=== Section Start ===

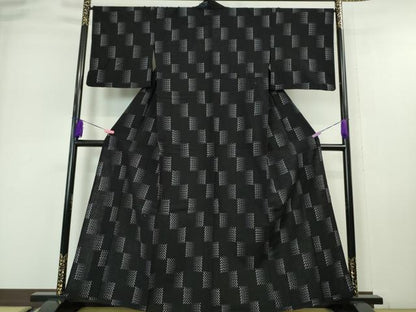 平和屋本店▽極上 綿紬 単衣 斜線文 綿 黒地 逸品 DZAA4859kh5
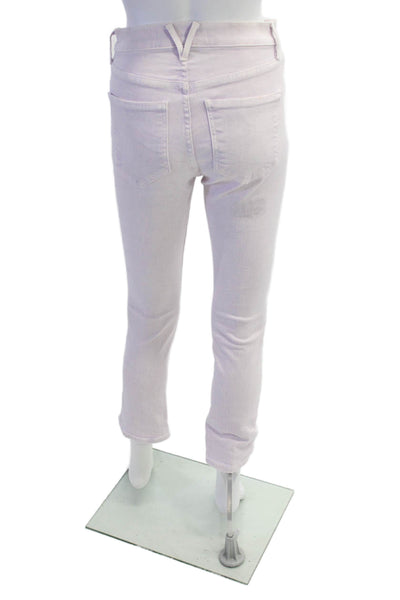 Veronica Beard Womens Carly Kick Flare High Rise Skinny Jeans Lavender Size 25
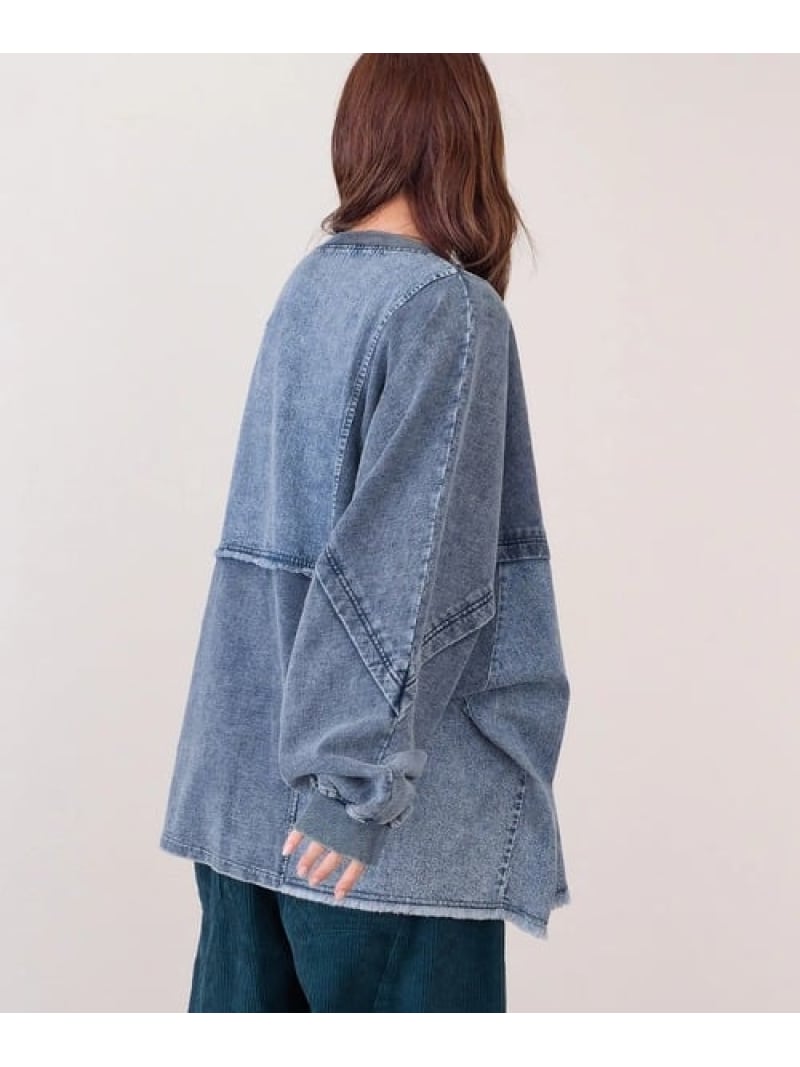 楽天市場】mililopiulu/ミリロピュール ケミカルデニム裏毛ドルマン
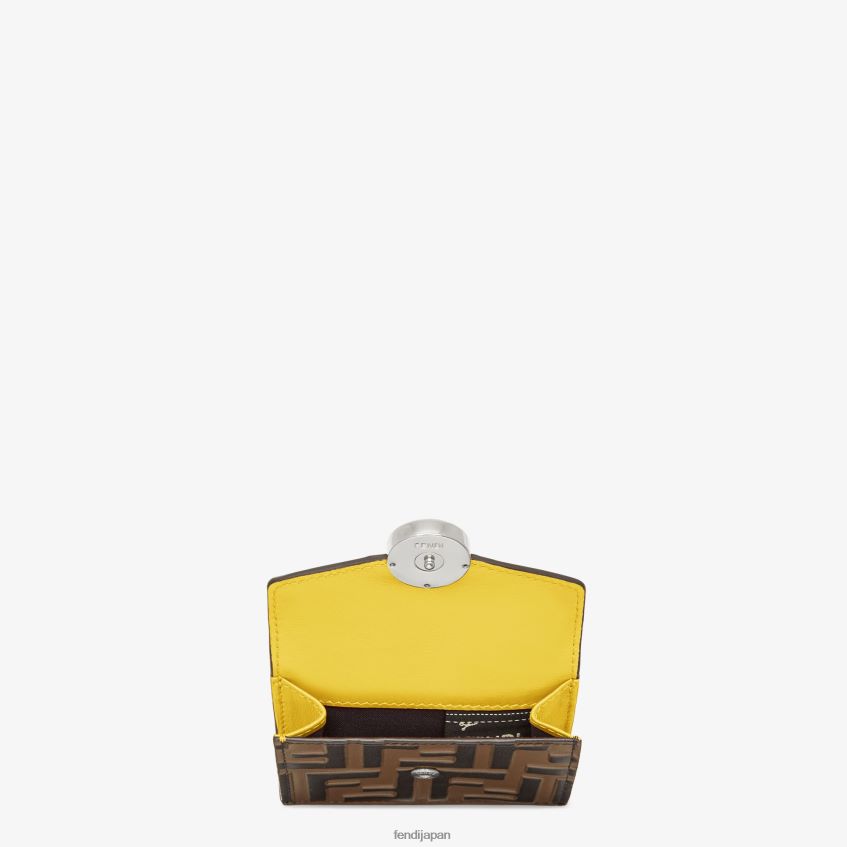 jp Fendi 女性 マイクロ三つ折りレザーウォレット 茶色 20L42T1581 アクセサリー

=== Section End ===
=== Section Start ===

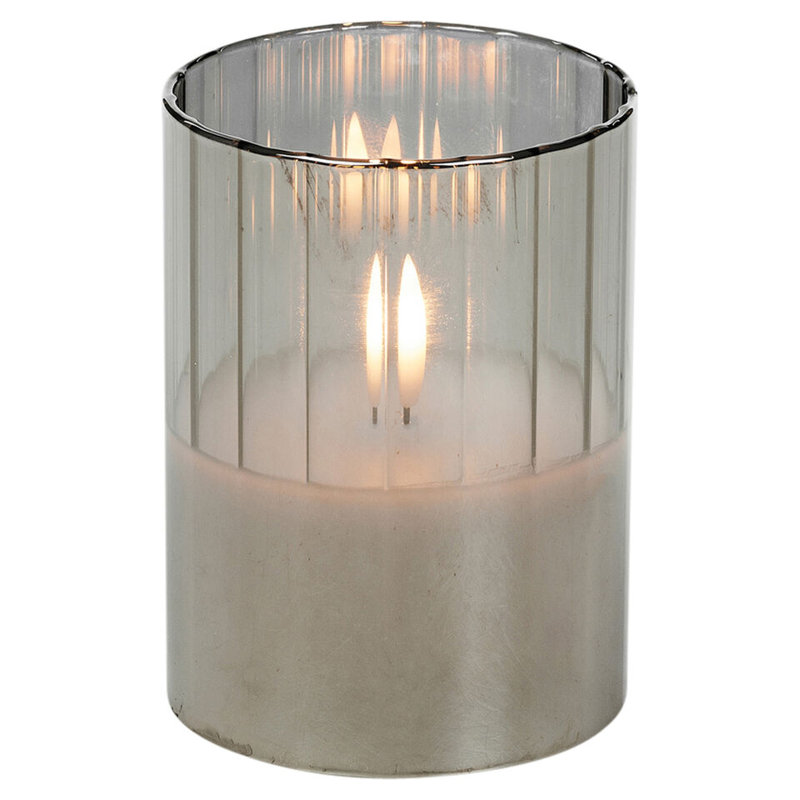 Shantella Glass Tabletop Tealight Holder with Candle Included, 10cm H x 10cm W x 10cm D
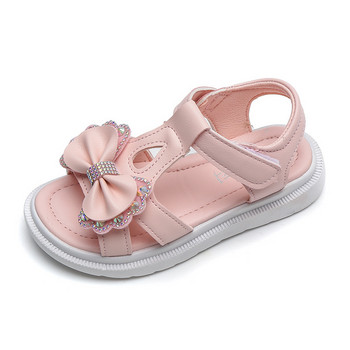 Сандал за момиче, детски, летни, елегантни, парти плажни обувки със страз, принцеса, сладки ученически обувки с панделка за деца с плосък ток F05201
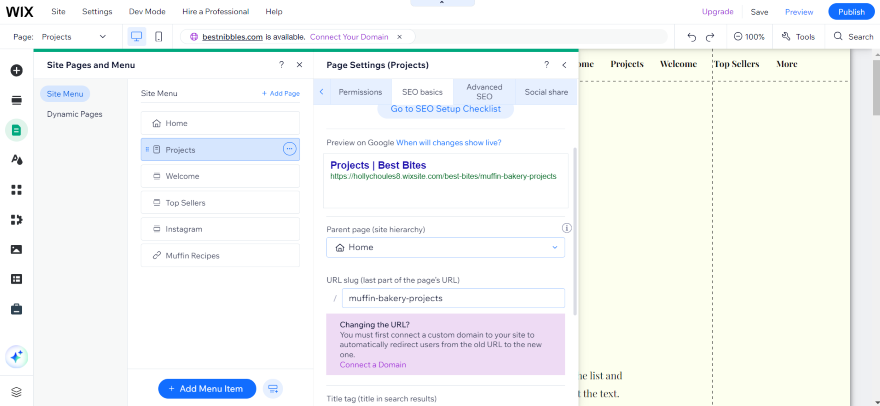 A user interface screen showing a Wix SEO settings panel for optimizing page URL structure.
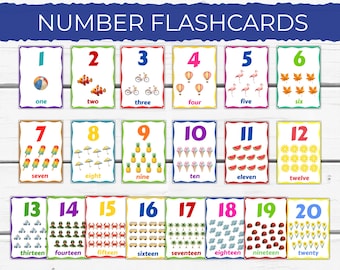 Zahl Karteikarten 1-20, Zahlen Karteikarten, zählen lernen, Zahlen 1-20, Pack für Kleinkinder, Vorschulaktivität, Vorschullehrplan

=== Section End ===
=== Section Start ===

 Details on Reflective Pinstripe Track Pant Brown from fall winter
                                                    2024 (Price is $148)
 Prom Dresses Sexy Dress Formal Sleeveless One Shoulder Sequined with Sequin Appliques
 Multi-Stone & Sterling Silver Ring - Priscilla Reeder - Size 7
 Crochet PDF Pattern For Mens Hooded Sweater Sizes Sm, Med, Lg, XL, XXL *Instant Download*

=== Section End ===

What is required ▸
Output exactly the lines of the listing above that start with the one holding "平和屋本店▽極上 綿紬 単衣 斜線文 綿 黒地 逸品 DZAA4859kh5" and go on through the one holding "jp Fendi 女性"; leave the pictures out.

Answer to this exercise ▸
 平和屋本店▽極上 綿紬 単衣 斜線文 綿 黒地 逸品 DZAA4859kh5
 Veronica Beard Womens Carly Kick Flare High Rise Skinny Jeans Lavender Size 25
 楽天市場】mililopiulu/ミリロピュール ケミカルデニム裏毛ドルマン
 jp Fendi 女性 マイクロ三つ折りレザーウォレット 茶色 20L42T1581 アクセサリー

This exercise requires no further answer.